Using the entries that follow, write out the line containing "Lámpara techo clásica", the line containing "Stylish Red Elastic", and every line between them, exactly and nothing else.

*** Extracted entries ***

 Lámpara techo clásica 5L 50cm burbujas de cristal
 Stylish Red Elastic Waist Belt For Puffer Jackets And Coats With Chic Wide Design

***
*** Extracted entries ***

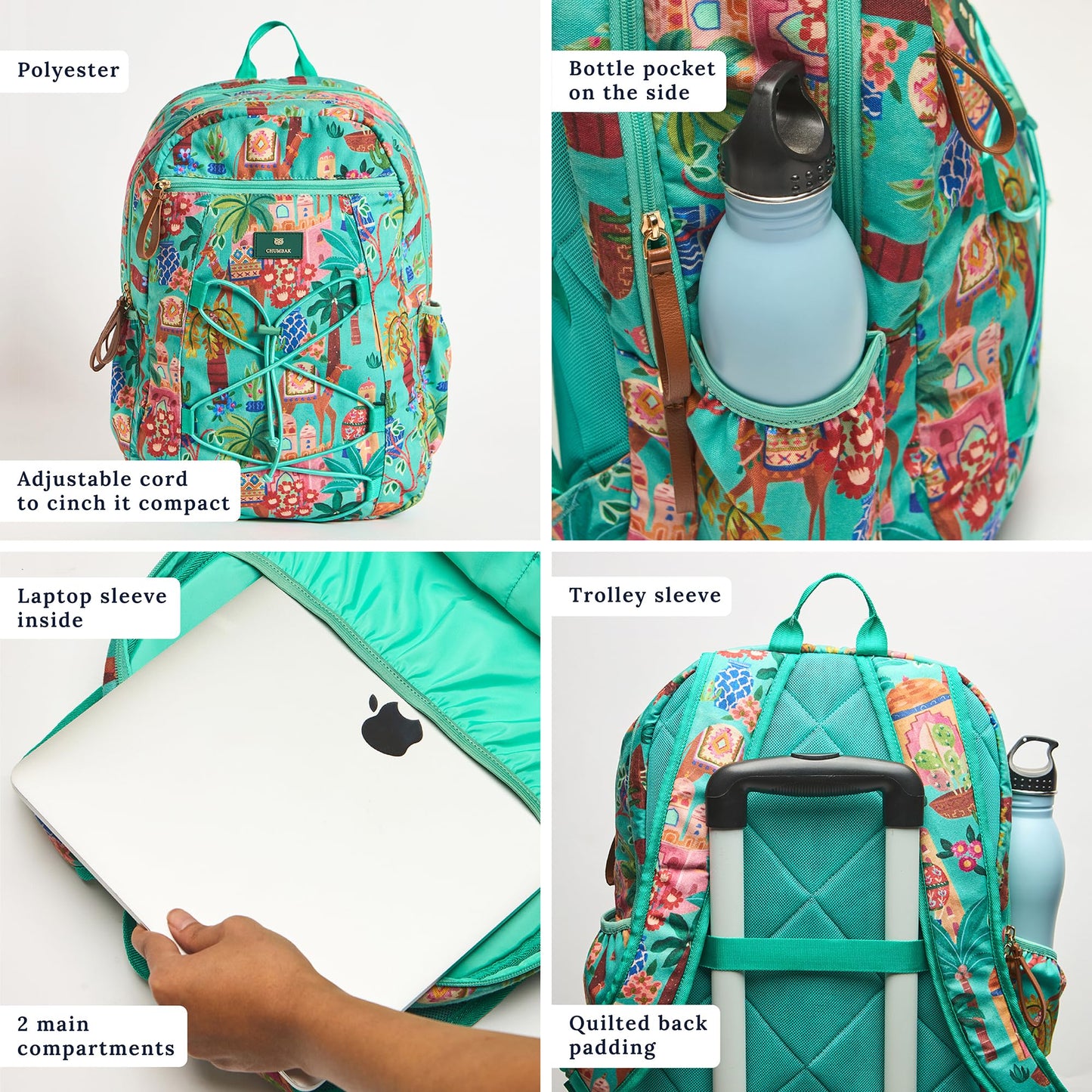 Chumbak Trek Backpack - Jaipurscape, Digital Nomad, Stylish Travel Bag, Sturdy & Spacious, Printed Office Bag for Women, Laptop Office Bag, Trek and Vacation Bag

***
*** Extracted entries ***

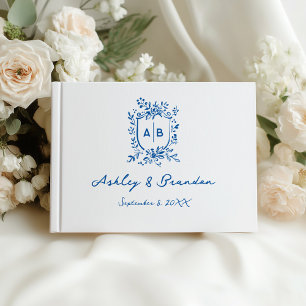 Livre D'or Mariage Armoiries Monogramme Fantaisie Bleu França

***

● Exercise result:
 Lámpara techo clásica 5L 50cm burbujas de cristal
 Stylish Red Elastic Waist Belt For Puffer Jackets And Coats With Chic Wide Design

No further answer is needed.